The article has major flaws, and was duly masterfully critiqued by by Nancy Sims, the Copyright Program Librarian at the University of Minnesota Libraries, who pointed out that academic publishing is full of problems. She writes,

But McKenna is really wrong about a bunch of specifics, and there are a lot of people out there (with a lot of money), who want to shape the narrative around the economics of academic publishing in a really different direction. This article is in a fairly high-profile and general interest publication, but it’s so factually incorrect in so many different ways that it invites ridicule to the whole position.

Sims’ article goes to the heart of the issues about journal subscription and individual article prices in academic publishing. As Sims’ points out, some for-profit publishers (such as Elsevier) make 32-42% profits from selling access to academic articles. That’s a bit ridiculous, if you ask me, and while I recognise that this is capitalism at work, my tree-hugging hippie socialist scumbag cries out for more open access to academic research, especially in important areas such as health research.

I fully support the Consolidated Appropriations Act of 2008 which requires researchers who received funding from the National Institutes of Health to post their final, peer-reviewed papers on PubMed Central, an archival hub like JSTOR that is run by the National Library of Medicine, no later than a year after publication. The Consolidated Appropriations Act still allows publishers to get their share, in that in order to stay up to date with the most current research being published, scientists and doctors must subscribe to high-impact journals in their fields or pay for access to individual articles.
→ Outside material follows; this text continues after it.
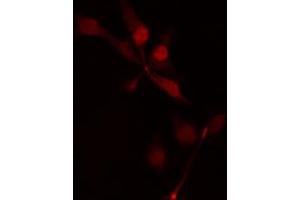 ABIN6274474 staining HepG2 cells by IF/ICC. (MASTL antibody  (C-Term))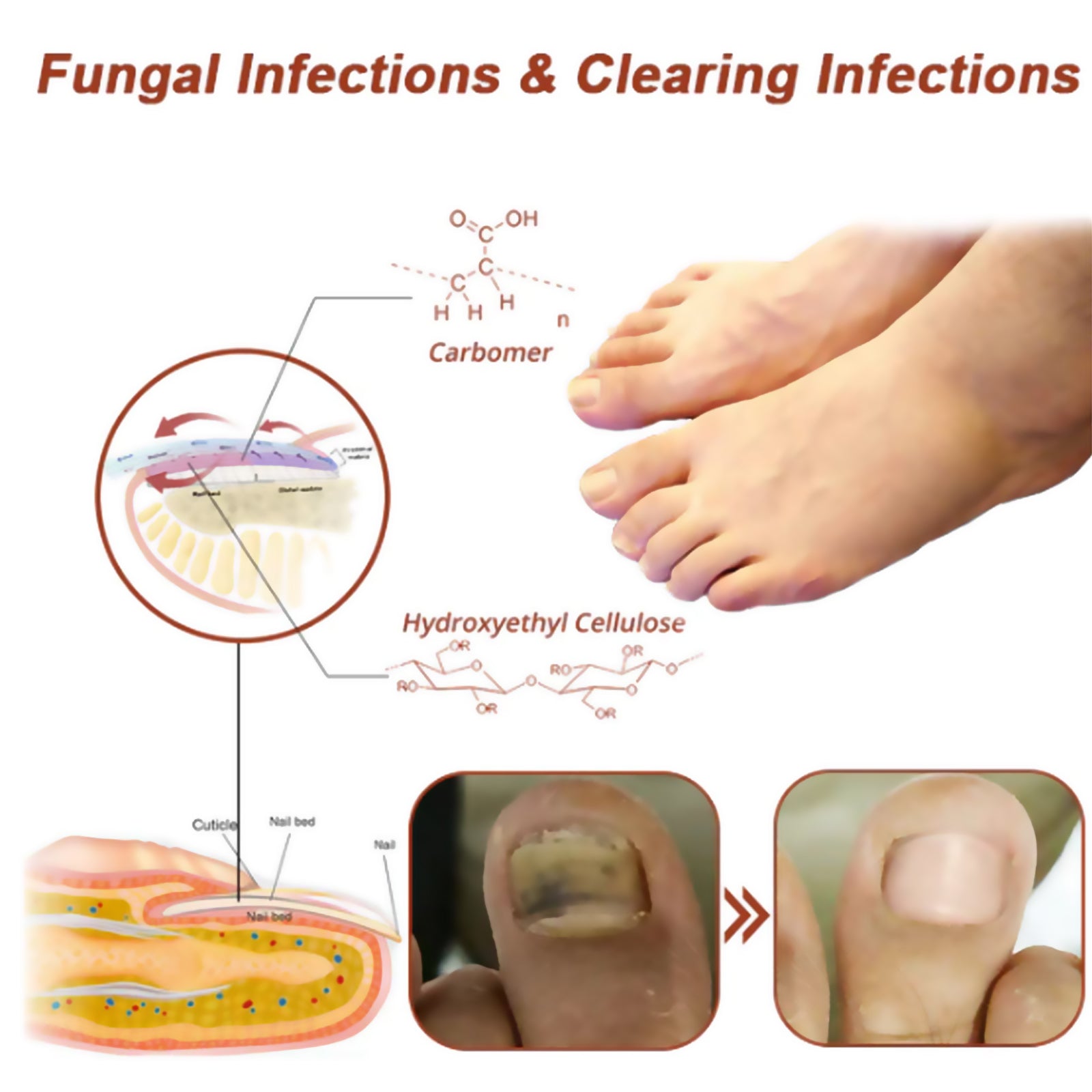 South Moon Nail Care Phototherapy Device, Repair Hands And Feet Gray Nails Yellow Ingrown Nail Soft Nail Care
However, there is a great deal of opposition to initiatives like this from the major publishers, who view it as a threat to the profits they can make by selling access to research articles. For Elsevier in particular, their exorbitant journal and article prices were compounded by their support for the Research Works Act, which seeks to protect publishers’ profits by counteracting the Consolidated Appropriations Act. The RWA is often mentioned as related to the erstwhile SOPA and PIPA legislation that was shouted down by the combined voices of the Internet’s major players. Perhaps inspired by the Internet blackout movement and led by Timothy Gowers, a prominent mathematician at the University of Cambridge and winner of the Fields Medal, and his blog article from 21 January, over 7,700 researchers from around the world was signed an online pledge not to publish in, edit, or review journals published by Elsevier. Two great summaries of this action can be found in The Chronicle of Higher Education and on NPR’s On The Media.

In the wake of this mass outcry, Elsevier announced on Monday that it was withdrawing its support for the RWA. However, their carefully-worded announcement means that supporters of open access have only won the battle, not the way. As the humourous @FakeElsevier twitter warned:

Note that our relenting had nothing to do w/ ur puny rebellion. Now witness the firepower of this FULLY ARMED AND OPERATIONAL BATTLE STATION

Mike Taylor at Sauropod Vertebra Picture of the Week, or SV-POW!, fully decodes Elsevier’s announcement and this article from the New York Times does a good job of presenting both sides of the debate and contextualising it in terms of current American politics. It’s a thorny subject, and the levity of @FakeElsevier only highlights the real drama that researchers, librarians, and politicians around the world are paying close attention to.

* At the PMA Library, for example, we’ve recently cancelled our print subscription to all five series of Physical Review, each single issue of which was published weekly and weighed in at about the same size as the Austin yellow pages, in favor of improving access to the online versions.